Edit: In the scenario that the temperature of a given area increases constantly over 30 million years (slowly enough for species to adapt) starting at 20°C and ending at 90°C, what are the possible species' evolutions in order to survive?
This question has a very large scope so here are some presicion.
Why an area?
I'm talking about area and not about an entire world in order to ignore any heavy climatic modification that would cause very abrupt change. For example, pole melting that would cause a flood.
Well, I'm interested in plants, animals as well as humans but I'm not interested in technological evolution, only biological.
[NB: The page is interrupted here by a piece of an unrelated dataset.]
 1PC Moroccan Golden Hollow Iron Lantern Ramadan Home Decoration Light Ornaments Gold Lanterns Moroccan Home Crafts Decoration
Which temperature are we talking about?
Well, I don't have any precise temperature, but I'd like temperatures higher that what we usually find on Earth. This means starting at 40°C and rising until life is no longer possible. One limit of temperature for life (as we know it) is water's boiling temperature (usually around 100°C). But water's boiling point depends on pressure. If pressure goes up, so will the boiling point.
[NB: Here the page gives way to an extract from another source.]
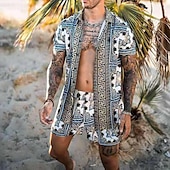cheap Men&#039;s Printed Shirts Sets-Men&#039;s Leopard Zebra 2pcs Shirts Sets Summer Hawaiian Shirt Short Sleeve Short Pants Turndown Fashion Hawaiian Casual Outdoor Vacation Beach 3D Print Button-Down Summer Spring Black Yellow Pink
Edit: Let's assume that the final temperature achieved is 90°C.
Edit: What is the time frame? I don't really know what timescale to use, but since you want it let's use human evolution timescale. Based on Wikipedia, the first Hominidae appeared 28 millions years ago. So let's say that our temperature increase slowly and constantly during 30 million years.
Also, my question concerns a global elevation of temperatures at all time (day and night) and at the surface.
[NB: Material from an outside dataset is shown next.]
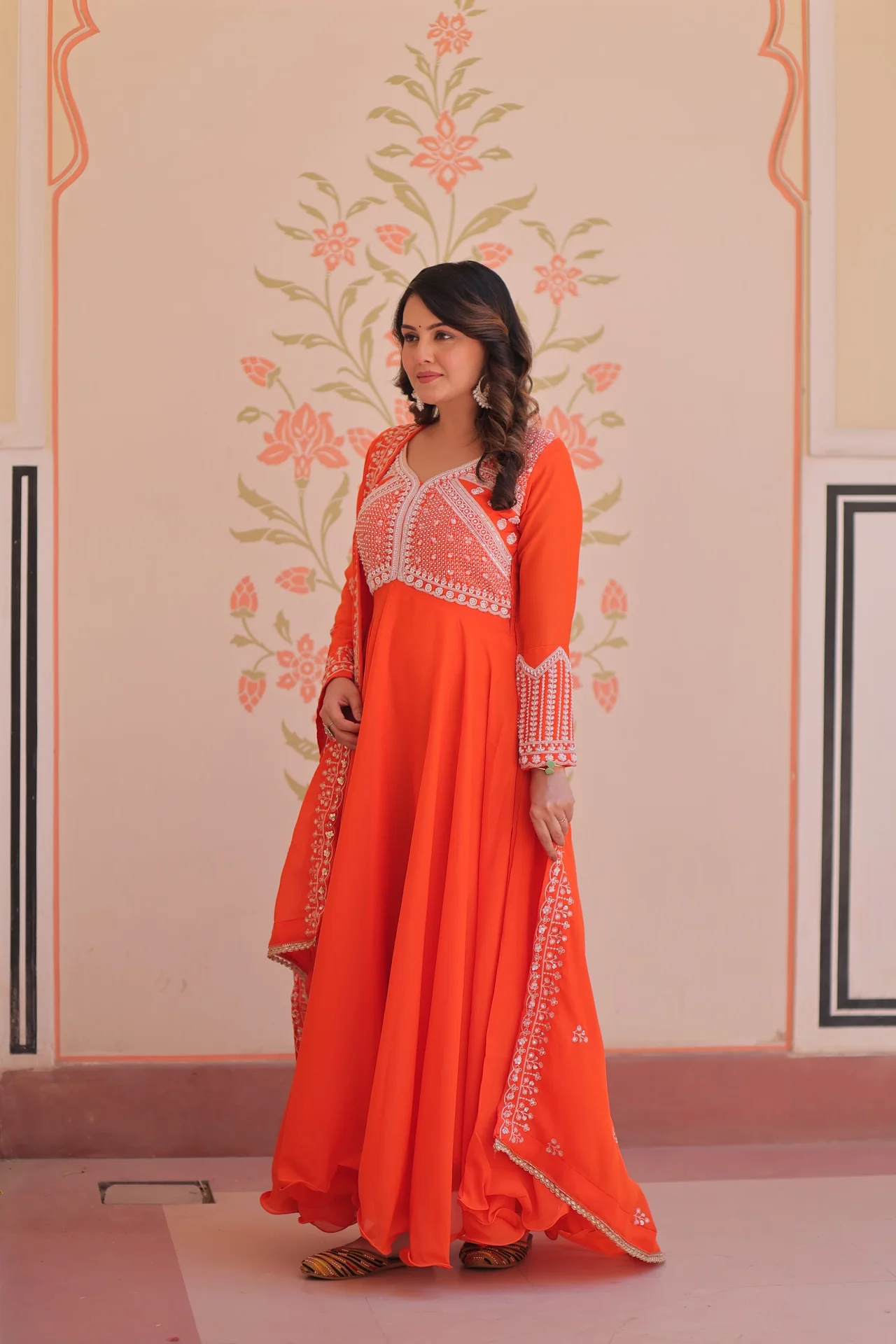 Women's Star Georgette Gown with Dupatta in Coral — photo 2 of 8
On Earth, the highest tempeature are usually achieved in arid or desertic areas. During the day, temperature can go up to 50°C or more but during the night, temperatures drop significantly. That's why wildlife is nowhere to be seen during day and very active during night. This huge gap between day and night temperature made desertic wild life not a good example to answer my question.
If you want some precision that I've not given, feel free to comment.